‘Given the population of hen harriers in Europe, it is wrong to talk of “extinction”‘ [in relation to the single hen harrier breeding attempt in England this year], claims Alasdair Mitchell in his latest article for Shooting Times. He goes on to say, “To talk in emotive terms about “a second extinction” is a tad over the top“.
I don’t think there’s anything emotive or over the top about stating that England’s HH breeding population is on the verge of extinction – it’s a biological fact! With only one known nesting attempt in 2012 (and rumours circulating that the attempt has failed), the species is most definitely on the brink of an extinction as an English breeding species. What else would you call it? Birds-now-wearing-invisible-cloaks?
The term ‘extinction’ is a valid, scientific term that can be used to describe the loss of a species (in this case a breeding species) at a local, regional, national or international level. In this case, the first three levels are applicable. Perhaps Mitchell objects to the word because he knows it is a word the general public can understand far more easily than other scientific terms such as ‘population decline’, which just infers a loss but doesn’t explain the extent of that loss.
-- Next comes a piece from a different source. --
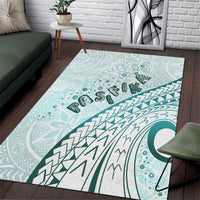 Pasifika Festival Area Rug Tribal Pattern Teal Version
The public understands that ‘extinction’ means curtains, lights out, elimination, end of the line. This is probably of concern to the game-shooting industry as they realise there’ll be no place to hide once the public understands the full impact of all that illegal killing.
Mitchell points to the hen harrier’s international conservation status as a species of ‘least concern’ to support his view and says: “There are many thousands flying around Western Europe – including several hundred pairs breeding happily in Scotland“. What he (deliberately?) fails to mention is that Scotland’s breeding HH population fell by more than 22% between the 2004 and 2010 national surveys (633 pairs recorded in 2004; 489 pairs recorded in 2010) (see here). He also fails to comprehend the concept of biological diversity and it’s importance on various scales, including, again, local, regional, national and international scales. It’s illogical to ignore the loss of local, regional and national biodiversity just because the species’ international status is still ok. Yeah, let’s kill all our native wildlife – we don’t need it ‘cos it’s all doing fine in other parts of Europe.
Mitchell is a hill farmer in Northumberland. In addition to his weekly column for Shooting Times (under the heading ‘Sharpshooter’) he has also written for the National Gamekeepers’ Organisation as well as acting as their media advisor. In May 2012 (see here) Mitchell was appointed as the Northern Regional Director for BASC (British Association for Shooting and Conservation). That potted bio probably explains Mitchell’s failure to grasp the principles of biodiversity conservation, although to give him his due, he ends his article by saying:
“I am not pretending that illegal persecution has not had an impact, over the years, on the hen harrier population. It has – and that’s bad. We need to find ways of hosting more hen harriers but without destroying the commercial grouse shooting that actually pays for their moorland habitat“.
It’s certainly refreshing to hear someone from the shooting industry admit that persecution has affected HHs – it’s usually just outright denial, and it’s also encouraging to hear him calling for more hen harriers, although that now seems an unlikely prospect without formal government intervention. In the meantime, while we all argue about the semantics of extinction, the UK’s breeding hen harrier population continues to fade.